Con la botella entre las piernas y el cigarro en los labios, el Conde buscó algún papel en sus bolsillos. Lo único que halló fue la cajetilla donde aún bailaban un par de cigarros. Guardó los cigarros en el bolsillo y, controlando el temblor de sus manos, la rasgó cuidadosamente, hasta obtener un pedazo de papel rectangular. Apoyado en el muro, procurando recibir alguna claridad, comenzó a escribir sobre el papel, mientras leía en voz alta las palabras que iba grabando: «A Andrés, en algún lugar del norte: Cabrón, aquí nos estamos acordando de ti. Todavía te queremos y creo que te vamos a querer siempre», y se detuvo, con el bolígrafo apoyado sobre el papel. «Dice el Conejo que el tiempo pasa, pero yo creo que eso es mentira. Pero si fuera verdad, ojalá que allá tú nos sigas queriendo, porque hay cosas que no se pueden perder. Y si se pierden, entonces sí que estamos jodídos. Hemos perdido casi todo, pero hay que salvar lo que queremos. Es de noche, y tenemos tremendo peo, porque estamos tomando ron en Cojímar: el Flaco, que ya no es flaco, el Conejo, que no es historiador, y yo, que ya no soy policía y sigo sin poder escribir una historia escuálida y conmovedora. Escuálida y conmovedora de verdad… Y tú, ¿qué eres o qué no eres? Te mandamos un abrazo, y otro para Hemingway, si lo ves por allá, porque ahora somos hemingwayanos cubanos. Cuando recibas este mensaje, devuelve la botella, pero llena», y firmó Mario Conde, para luego pasarle el papel a Carlos y al Conejo, que estamparon sus nombres. Con esmero, el Conde enrolló el papel y lo depositó dentro del recipiente. Entonces se descubrió y comenzó a introducir dentro de la botella el blúmer negro de Ava Gardner.

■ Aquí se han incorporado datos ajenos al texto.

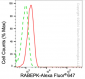KD-Validated Anti-RABEPK Rabbit Monoclonal Antibody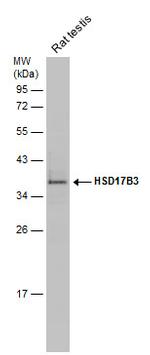 HSD17B3 Antibody in Western Blot (WB)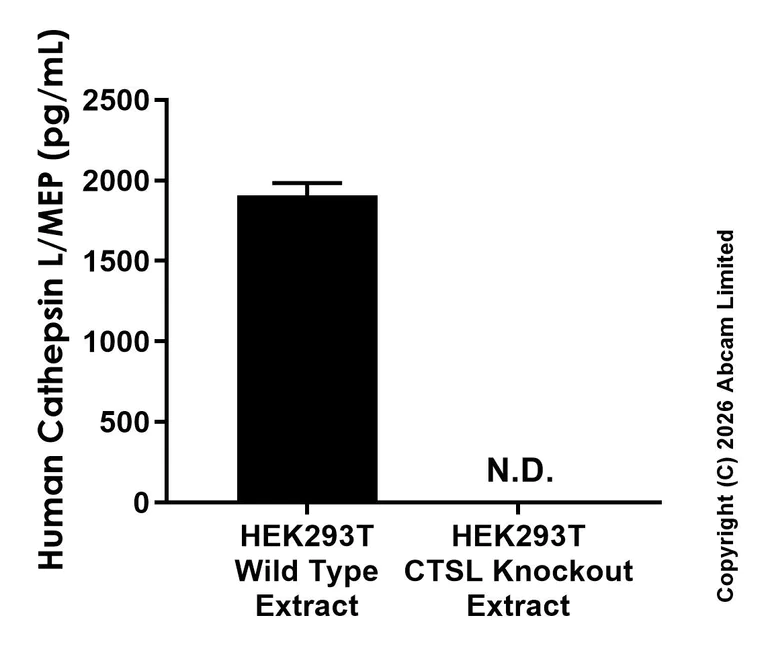 Sandwich ELISA - Anti-Cathepsin L/MEP antibody [EPR30887-545] - BSA and Azide free (Detector) (AB325612)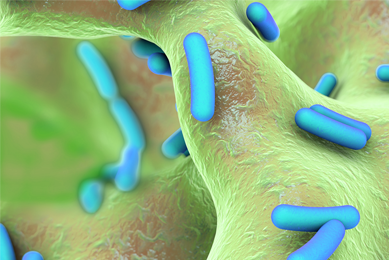 Green and blue rod shaped bacteria.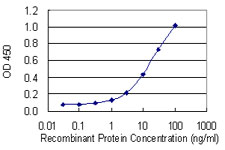 ANK1 / Ankyrin Antibody - Detection limit for recombinant GST tagged ANK1 is 0.3 ng/ml as a capture antibody.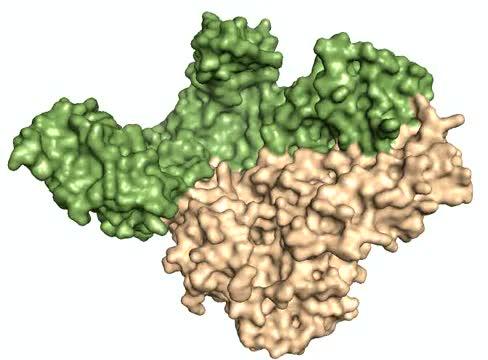 HIV Enzyme Structure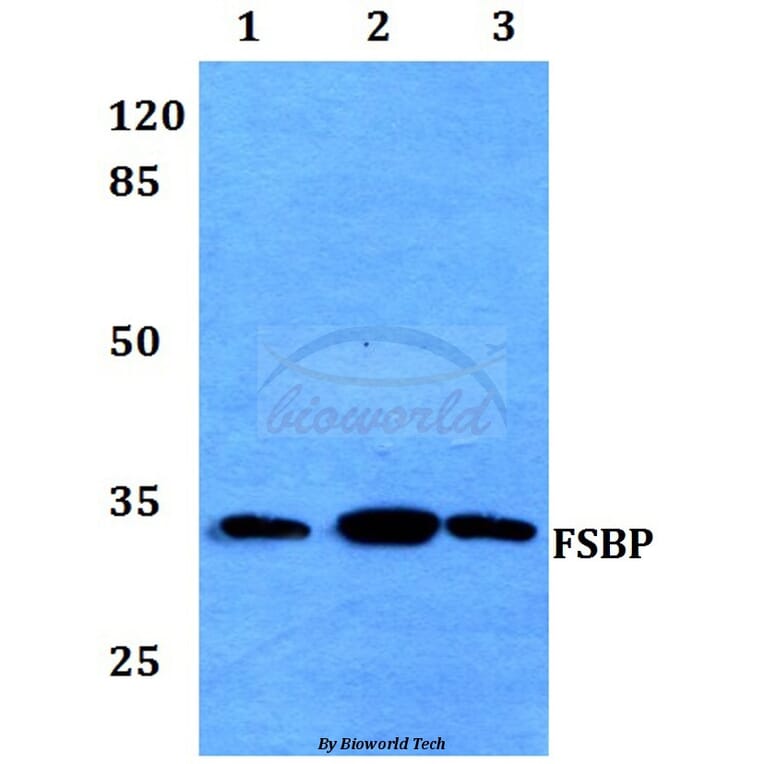 Anti-FSBP Antibody from Bioworld Technology (BS60039) - Antibodies.com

– Te volviste loco -protestó el Conejo.
– Para algo son los amigos, ¿no? -comentó el Conde mientras la tela bajaba hacia la barriga del litro.
– Eso digo yo -remató el flaco Carlos.
– Seguro llega el día de su cumpleaños -divagó el Conejo, después de darse un lingotazo de ron, y comenzó a cantar-: Felicidades, Andrés, en tu día…
Cuando la prenda de tela quedó dentro, el Conde hundió el corcho en la boca, y lo golpeó con la mano abierta para que el sellado fuera perfecto.
– Va a llegar -afirmó el Conde-. Estoy seguro de que este mensaje va a llegar -y se empinó la otra botella de ron, dispuesto a buscar el alivio del olvido.
Bufando el vapor del trago, sin soltar la botella mensajera, el Conde se esforzó por incorporarse y al fin logró ponerse de pie sobre el muro cuando el Conejo repetía: «Felicidad, felicidad, felicidad…». Conde miró hacia el mar, infinito, empeñado en abrir distancias entre los hombres y sus mejores recuerdos, y observó el agresivo lecho de rocas, contra el cual podían estrellarse todas las ilusiones y dolores de un hombre. Bebió otro trago, a la memoria del olvido, y gritó con todas las fuerzas de sus pulmones:
– ¡Adiós, Hemingway!
Entonces tomó impulso con el brazo hacia atrás y lanzó la botella al agua. El recipiente epistolar, preñado con las nostalgias de aquellos náufragos en tierra firme, quedó flotando cerca de la costa, brillando como un diamante invaluable, hasta que una ola lo envolvió y lo alejó hacia esa zona oscura donde sólo es posible ver algo con los ojos de la memoria y el deseo.